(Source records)
-*-*-

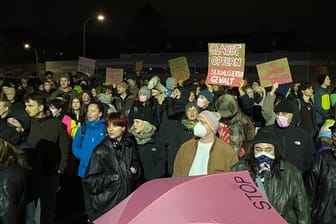 Aktivisten protestieren vor der brose Arena gegen den Auftritt von Till Lindemann.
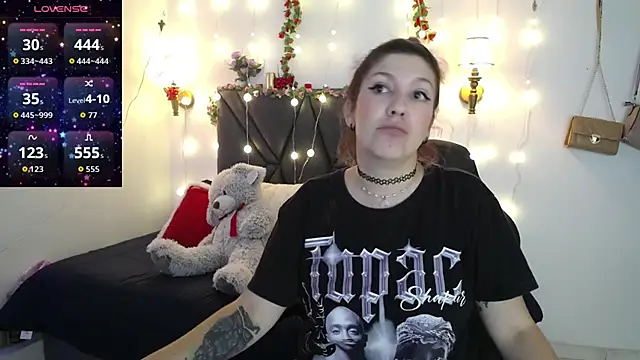 Snapshot of Sharma_Amayra chatting on 02/05/26, 08:35 Sharma Amayra online show from 02/05/26, 08:35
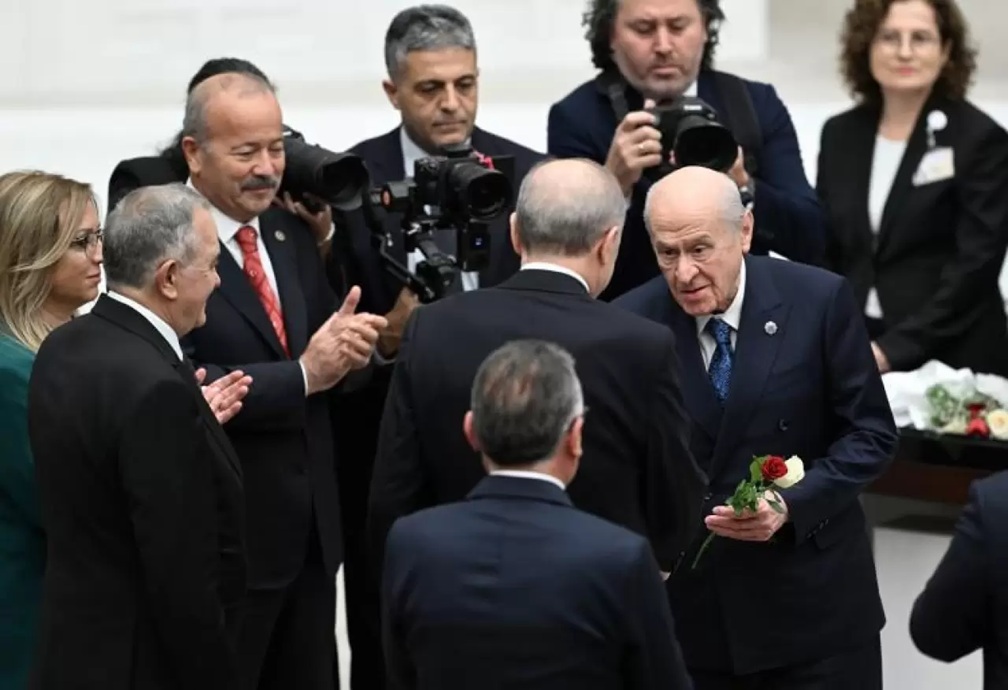 Bahçeli’den Erdoğan’a Kırmızı-Beyaz Güller TBMM 28. Dönem 5. Yasama Yılı Açılışına Damga Vurdu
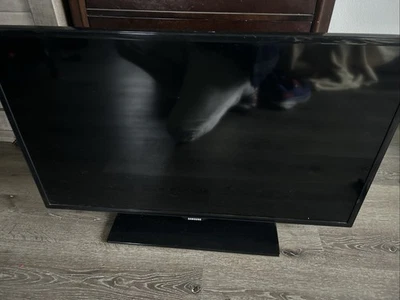 Samsung 40” Classic H6000F LED TV - Image 1 of 3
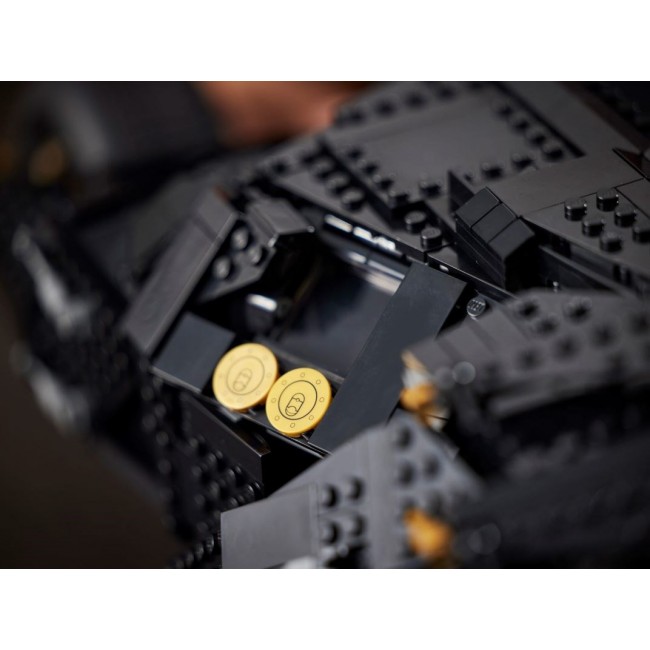 LEGO SUPER HEROES 76240 BATMOBILE TUMBLER LEGO SUPER HEROES 76240 BATMOBILE TUMBLER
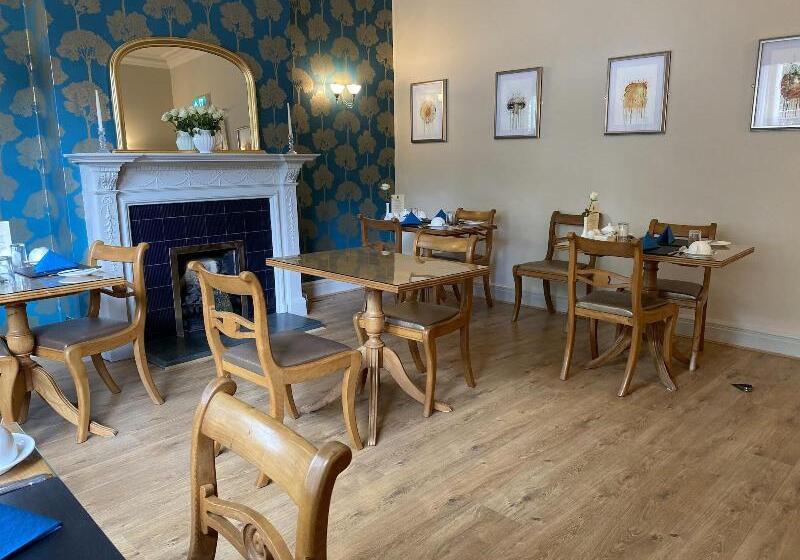 Отель Ashbourne House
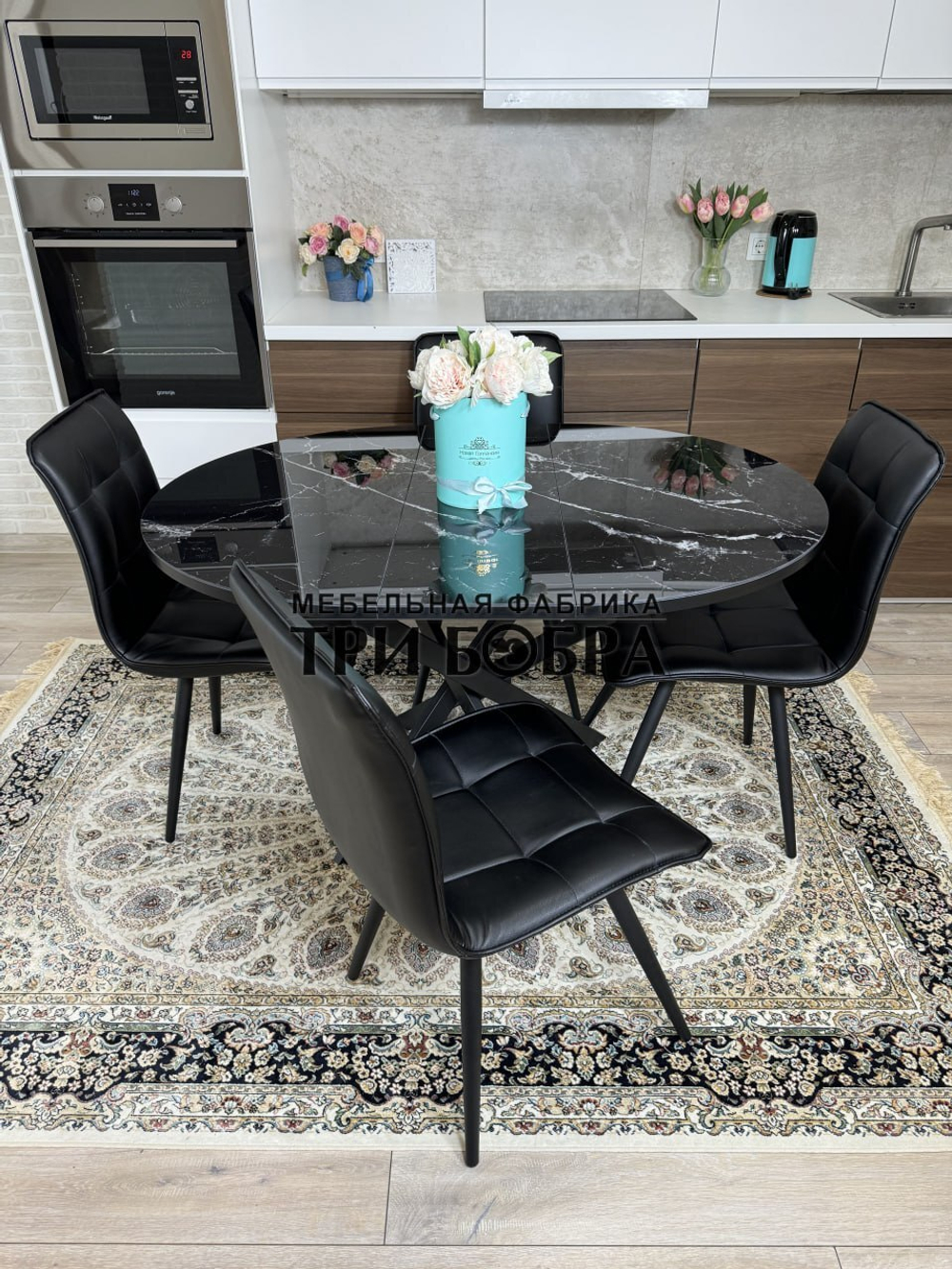 Круглый стеклянный раздвижной стол "Черный оникс" и стулья "ГУЧИ" черный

-*-*-

_BRIEF_
Your copy should match the data above exactly, apart from the pictures.

_COMPLETED EXERCISE_
 Aktivisten protestieren vor der brose Arena gegen den Auftritt von Till Lindemann.
 Snapshot of Sharma_Amayra chatting on 02/05/26, 08:35 Sharma Amayra online show from 02/05/26, 08:35
 Bahçeli’den Erdoğan’a Kırmızı-Beyaz Güller TBMM 28. Dönem 5. Yasama Yılı Açılışına Damga Vurdu
 Samsung 40” Classic H6000F LED TV - Image 1 of 3
 LEGO SUPER HEROES 76240 BATMOBILE TUMBLER LEGO SUPER HEROES 76240 BATMOBILE TUMBLER
 Отель Ashbourne House
 Круглый стеклянный раздвижной стол "Черный оникс" и стулья "ГУЧИ" черный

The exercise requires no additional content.